■ What you need to do ■
With all pictures excluded, restate the records that follow exactly as written.

Caption-style text data:
--------------------------------
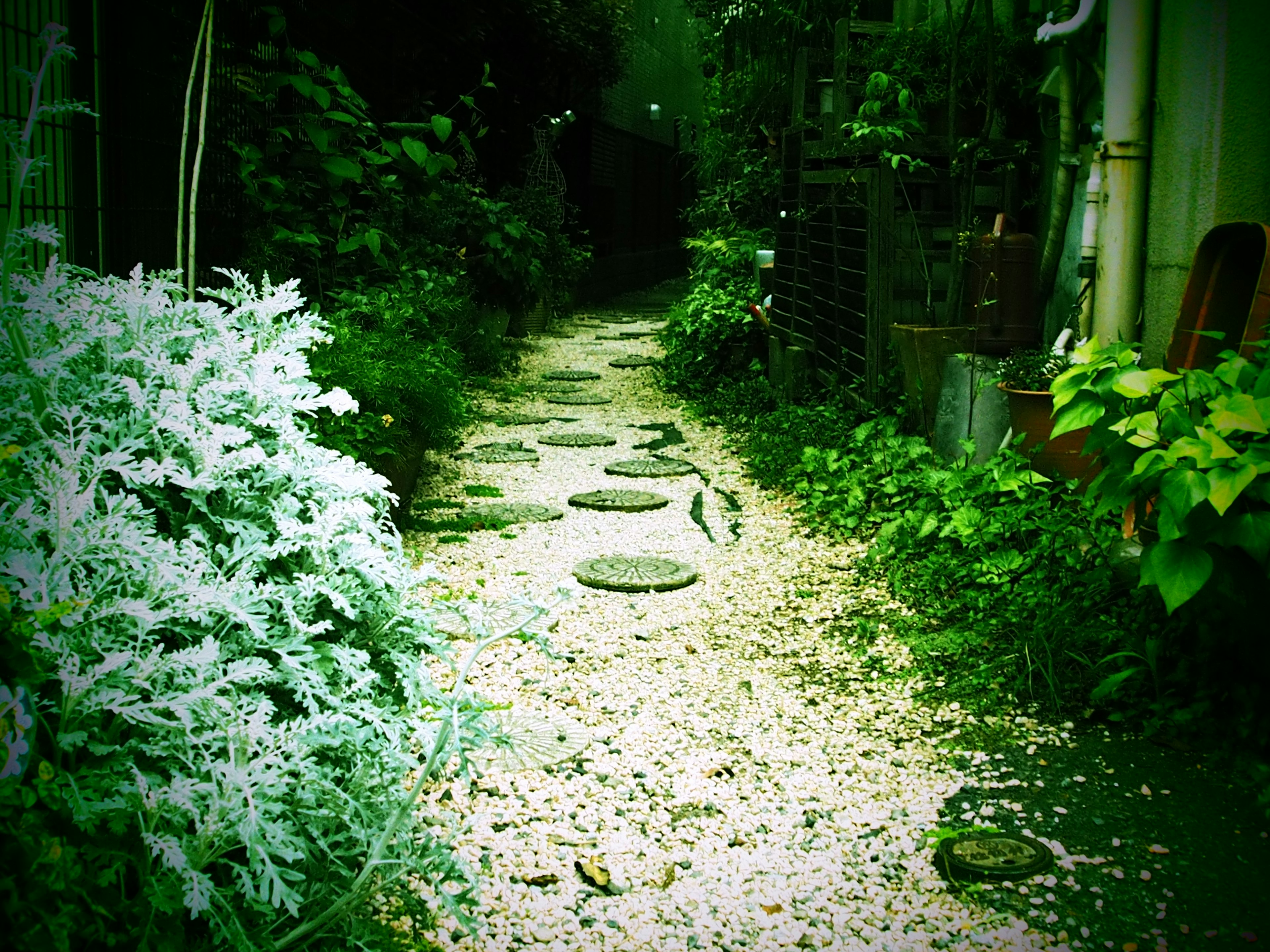 Sendero de jardín exuberante con piedras y grava blanca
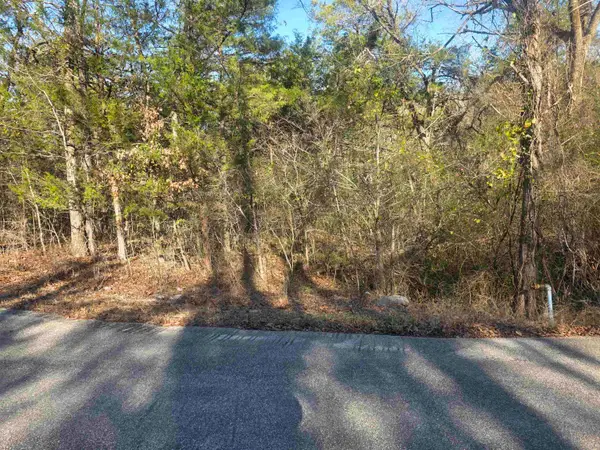 L-16, B-4 Indian Avenue, Cherokee Village, AR 72529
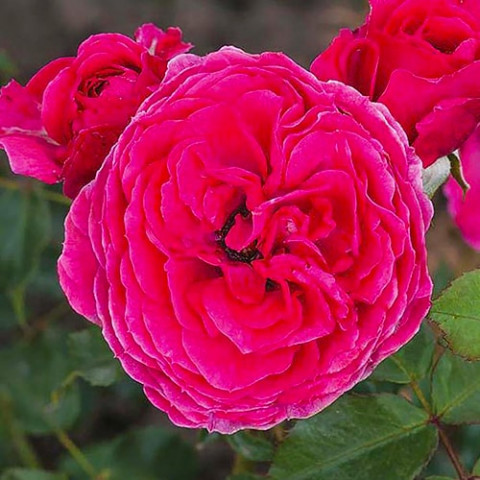 Троянда Sava Reka фото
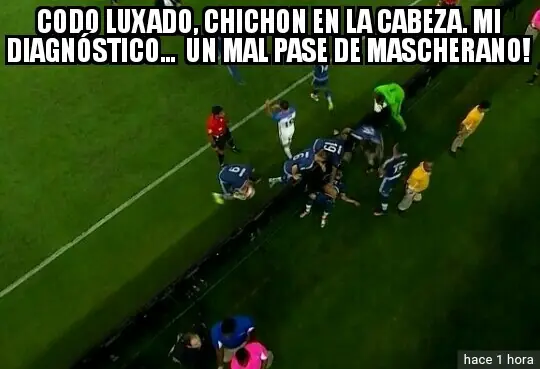 pocho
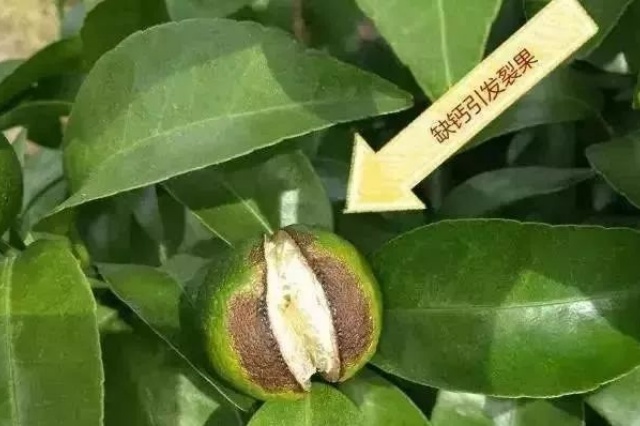 果树补钙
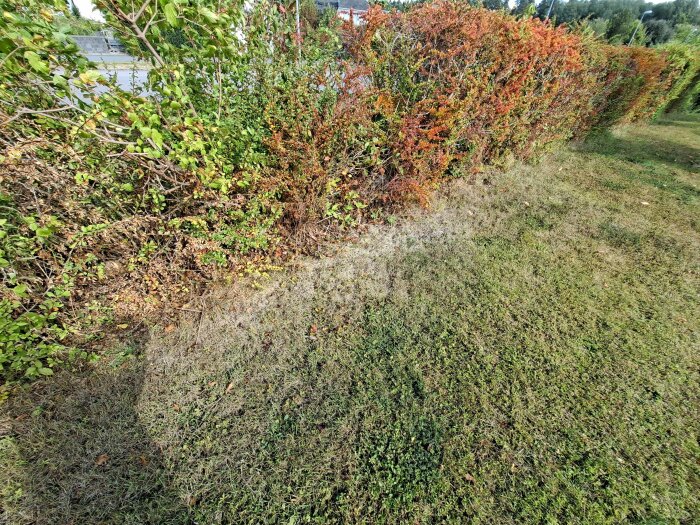 20260830_112928.jpg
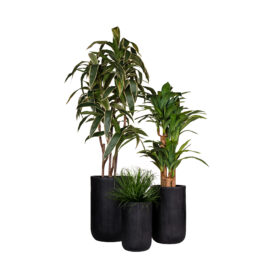 Pot élancé noir à rainures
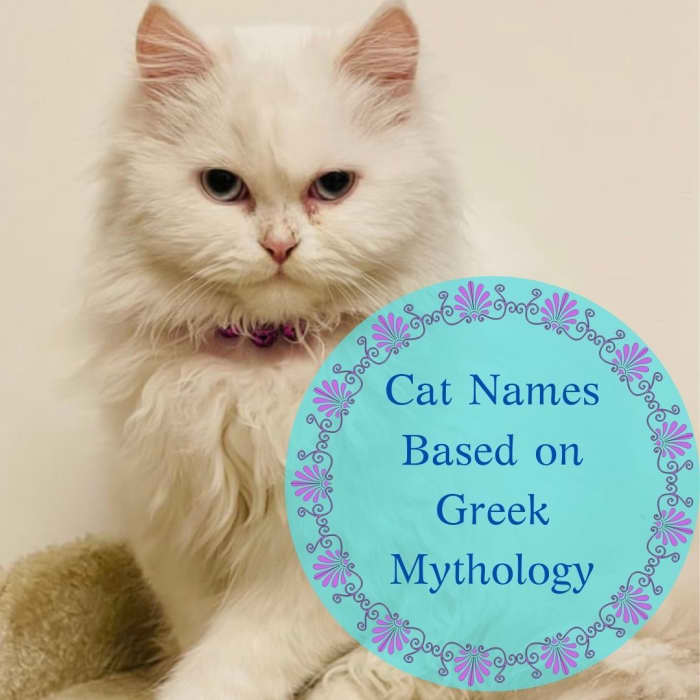 Cat Names Based On Greek Mythology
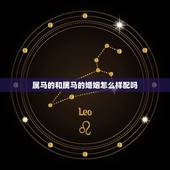 属马的和属马的婚姻怎么样配吗，属马的和属马的不能结婚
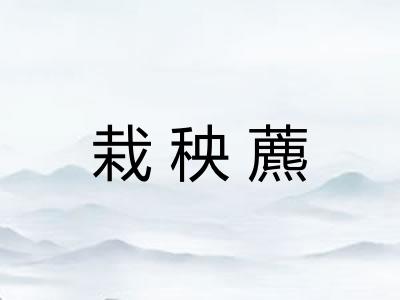 栽秧藨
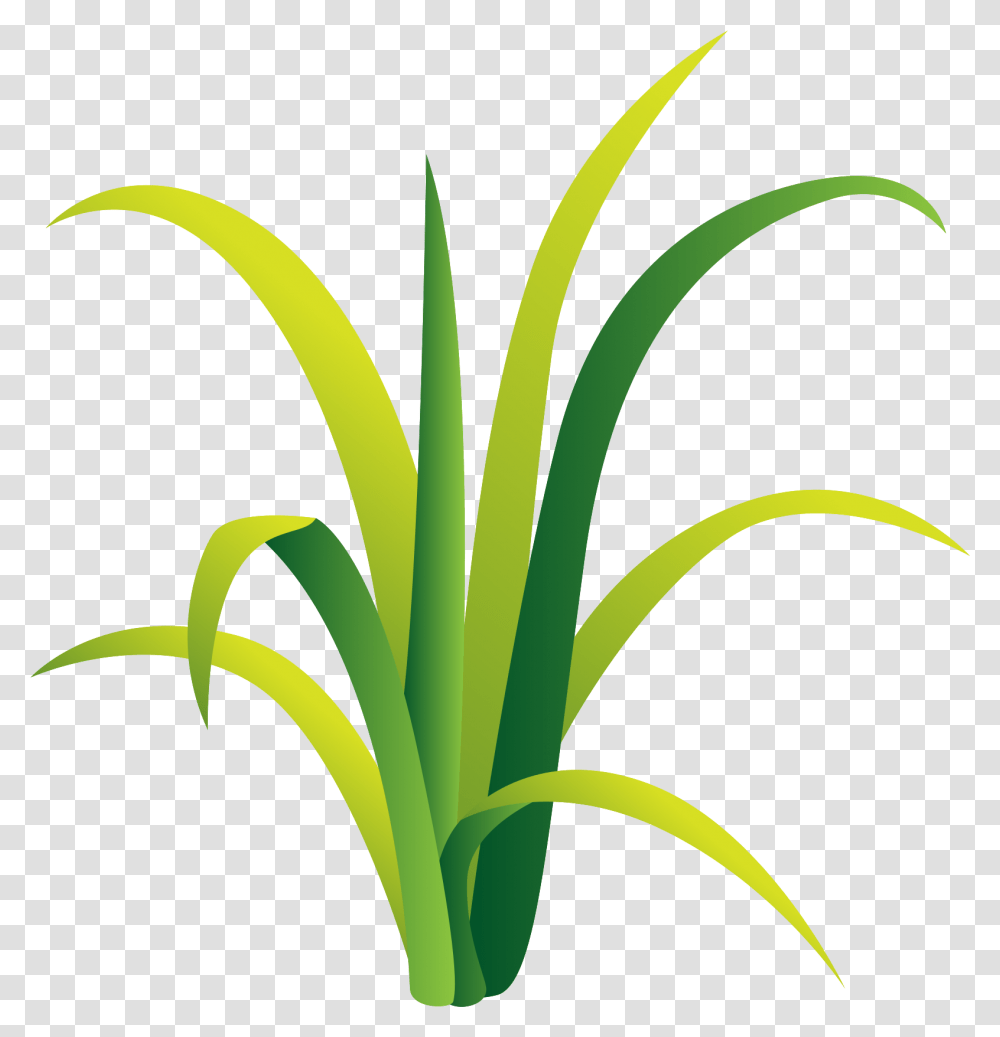 Free Grass With Background Vertical, Plant, Iris, Flower, Blossom Transparent Png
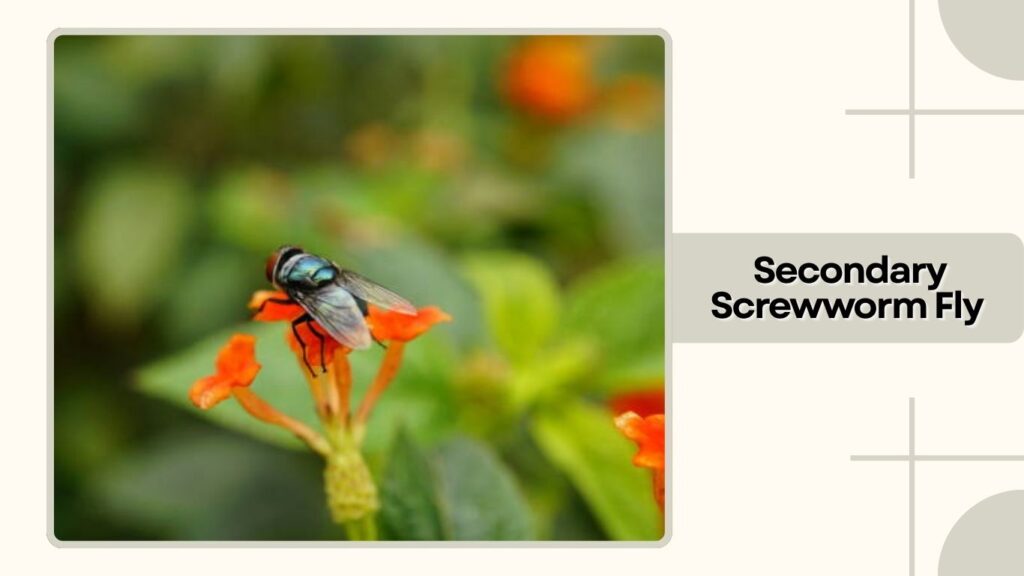  Secondary Screwworm Fly
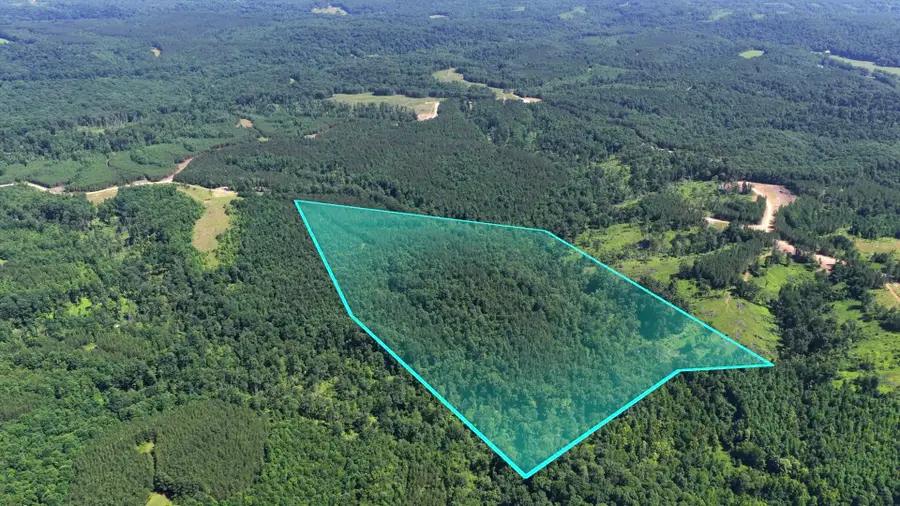 0 Cox Hollow Rd, Dover, TN 37058 - Image #2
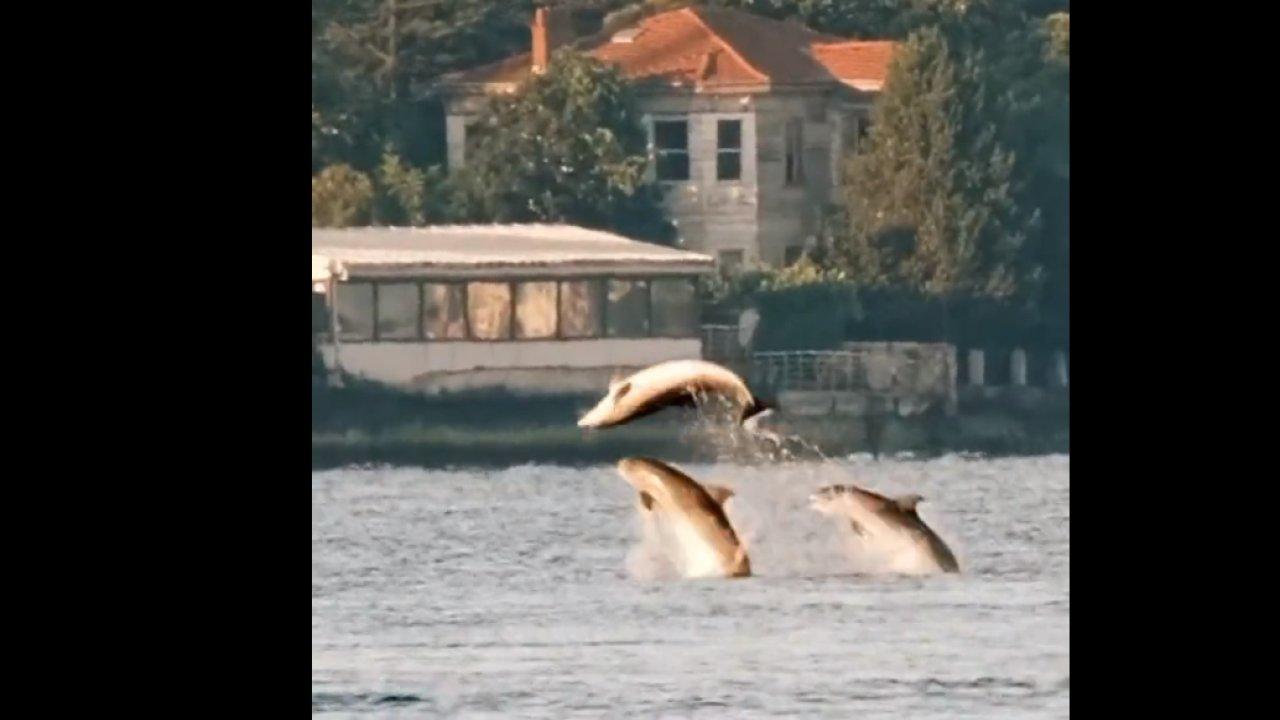 Yunuslar İstanbul’u mesken tuttu, gemilerle yarıştı!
--------------------------------
■ The completed task ■
 Sendero de jardín exuberante con piedras y grava blanca
 L-16, B-4 Indian Avenue, Cherokee Village, AR 72529
 Троянда Sava Reka фото
 pocho
 果树补钙
 20260830_112928.jpg
 Pot élancé noir à rainures
 Cat Names Based On Greek Mythology
 属马的和属马的婚姻怎么样配吗，属马的和属马的不能结婚
 栽秧藨
 Free Grass With Background Vertical, Plant, Iris, Flower, Blossom Transparent Png
  Secondary Screwworm Fly
 0 Cox Hollow Rd, Dover, TN 37058 - Image #2
 Yunuslar İstanbul’u mesken tuttu, gemilerle yarıştı!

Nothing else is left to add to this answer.